As we get into the bulk of this review, I just wanted to say one thing. I had originally bought the MPD16. It does not have a screen, and it looks like an M-Audio Trigger Finger. (I will review the MPD16 next). I loved the MPD16 so much, and I thought that the MPD24 would be even better, and I was not disappointed.
First off, the MPD is built very solid. It's a great piece of handiwork. The faders and the knobs are solid. The buttons will not stick in, and the overall solidity of the product is unprecedented. You can probably take it around with you if you travel because it's a rugged little piece of equipment.
Delving into the features is what this next section will cover. First off, it has eight knobs and six faders that you can program to link to aspects in your DAW. That seems to be a great feature of this piece of hardware. Many other MIDI controllers will skimp on the knobs and not even have faders, so this is a big +1 for the MPD. Another feature that I really love is the presets for the drum plug-ins on your favorite DAWs. As I sit next to the MPD as I write this review, I'm going to name off a couple of the presets for your favorite DAWs:
- Presets 2 and 3 are for Reason's ReDrum.
- Preset 5 is for Ableton's Live.
- Preset 7 is for the Battery Drum Machine.
- Preset 11 is for Cubase LE, the free version.
- Preset 12 is to emulate the pad setup of the MPC 2500.
Those are just a few of the presets. After that, you have over fifteen slots to program your own configurations in.
Under the screen, you have a selection of FOUR pad banks. You can change your programs here, too. Not to mention the classic 16 Level switch and Full Level switch.

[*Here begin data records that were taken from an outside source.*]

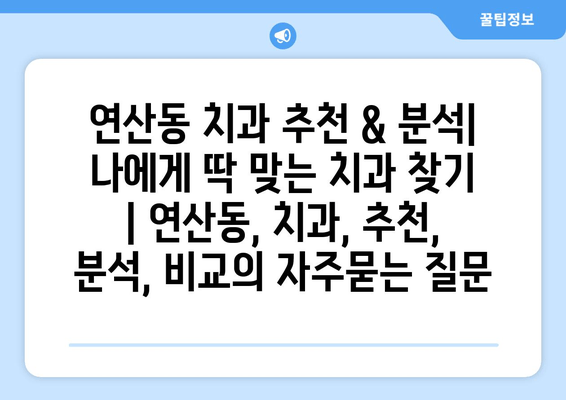 연산동 치과 추천 & 분석| 나에게 딱 맞는 치과 찾기 | 연산동, 치과, 추천, 분석, 비교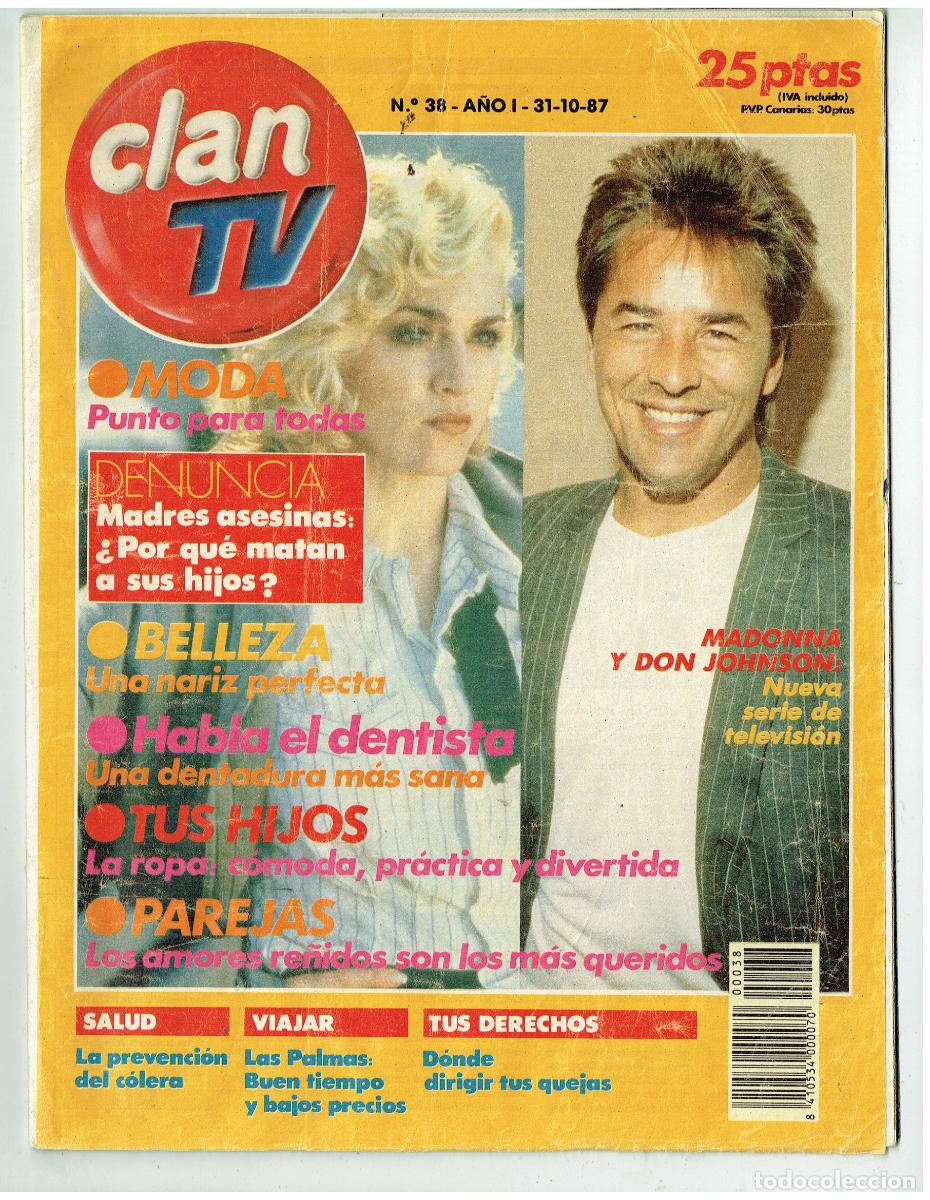Coleccionismo de Revistas y Peri&oacute;dicos: CLAN TV. N&ordm; 38. MADONNA Y DON JOHNSON / 31/X/87. (B/24BIS.1)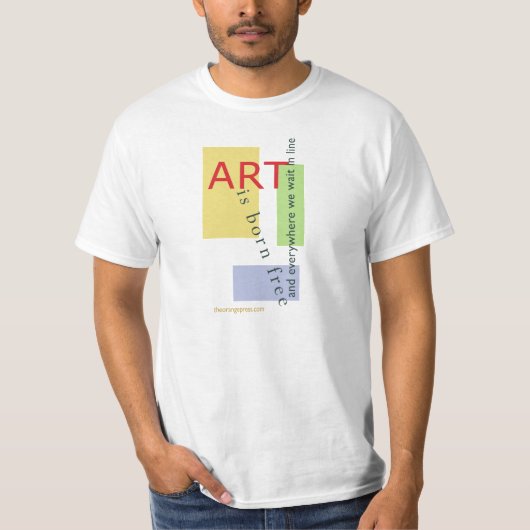 Kunst is gratis geboren en overal staan we online t-shirt (Voorkant)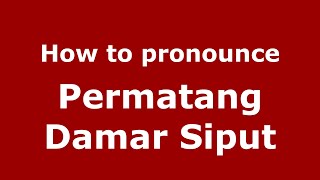 How to pronounce Permatang Damar Siput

When it comes to features, the MPD is teeming with them.
The last part of this review will cover the thing most are worried about, the price. Worry no more! One week's paycheck for most of you on a 9-5 will score you one of these. It's a shallow price at just $150, and I feel that it is worth it. You can go with the PadKontrol or the Trigger Finger, but I picked this one because I trust Akai, especially in the drum pad control market. I would recommend this to anybody, for the price.
Overall, I think that this is a great product. What I liked most about it was the feeling of the pads. They feel great, like a true MPC. They're a little thinner, however. What I liked least was the little ease of navigation on the screen. If you do not study the manual very carefully, you will get lost in a world of confusion when it comes to the fragmented words that display on the screen. The value, going for $150, is unchallenged. If I could buy it again, I would.